The first film had been a hoot. A superb combination of mood, music (composed and performed by Reynolds' co-star Jerry Reed), real romance and manageable scale, it was the second-biggest moneymaker of 1977. (No mean feat when you recall that that year's No. 1 picture was Star Wars.)
The second film was your basic sequel, a cast reunion with the original's director. Bigger and more expensive than the original, it was also considerably less fun.
There's no fun at all in Part 3. A collection of car stunts in search of a story, this mirthless country comedy is a barefaced attempt to take the money and run.
Made-for-TV movie veteran Dick Lowry takes director Needham's once bright and timely concept and reduces it to crude caricature. Once again, we see the wealthy Burdettes, Big Enos (Pat McCormick) and Little Enos (Paul Williams), filling in their idle hours with silly wagers.
They've bet retired Texas "county mountie" Buford T. Justice (Jackie Gleason) that he can't drive the 1,352 miles [2,176 km] from Miami to Austin in 24 hours. They then lure the Bandit out of retirement to enflame Buford's old obsession with hot pursuit.

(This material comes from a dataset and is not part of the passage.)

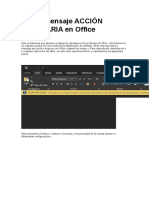 Quitar Mensaje de Su Licencia No Es Original Office 2019 - Ok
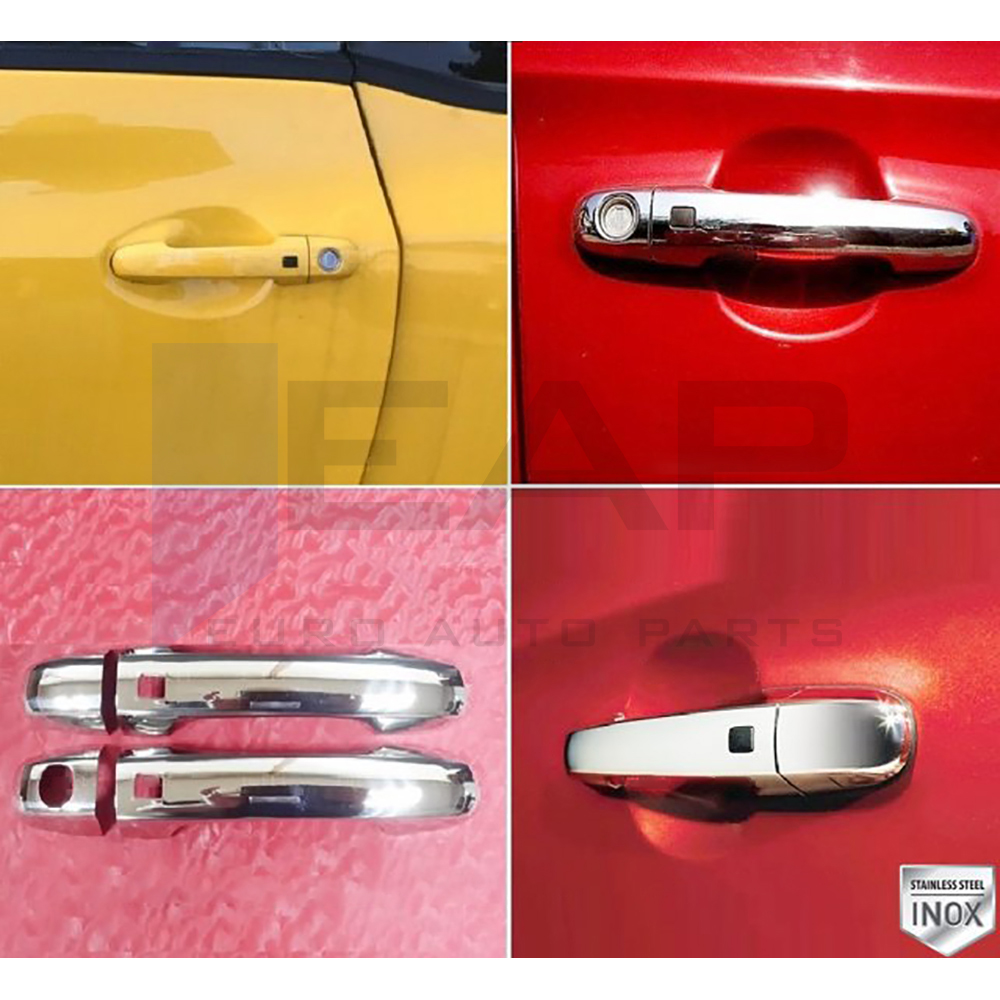 Door Handle Cover (With Sensor) - 2 Doors - Stainless Steel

The "real" Bandit not being available, they bribe his old trucking partner "Snowman" Cledus Snow (Jerry Reed) into playing the role. "I'm going to be the Bandit!" Cledus chants, as he dances around his room. " . . . wear the hat, drive the car."
Along the way Cledus picks up his own lippy runaway, TV pitchwoman Dusty Trails (Colleen Camp). Buford, as usual, is encumbered by his sweetly dim son, Junior (Mike Henry).
It may be the old gang together again — even Reynolds makes a brief appearance — but it's just not the same. This is one old comedy clunker that never gets out of first gear.
The above is a restored version of a Province review by Michael Walsh originally published in 1983. For additional information on this archived material, please visit my FAQ.
Afterword: Genial, with a quick, easy smile, Jerry Reed was a good old boy with the emphasis on good. He made his feature film debut opposite Burt Reynolds in 1975's W.W. and the Dixie Dancekings. They became good buddies in real life. Of his 10 subsequent movie appearances, four would be in films where he played Reynolds' sidekick. In his one trip to Canada, Reed essentially reprised his Cledus Snow character (and provided a title tune) as Peter Fonda's sidekick in Toronto director Peter Carter's trucker drama High-Ballin' (1978). It was as a musician that Reed achieved top billings. A songwriter and distinctive guitar stylist, he had a 40-year-long career as a recording artist that included such memorable country hits as "When You're Hot, You're Hot" (1971), "Lord Mr. Ford" (1973), the Smokey and the Bandit theme song "East Bound and Down" (1977), "She Got the Goldmine" and "The Bird" (both 1982). Reed died in 2008 at the age of 71.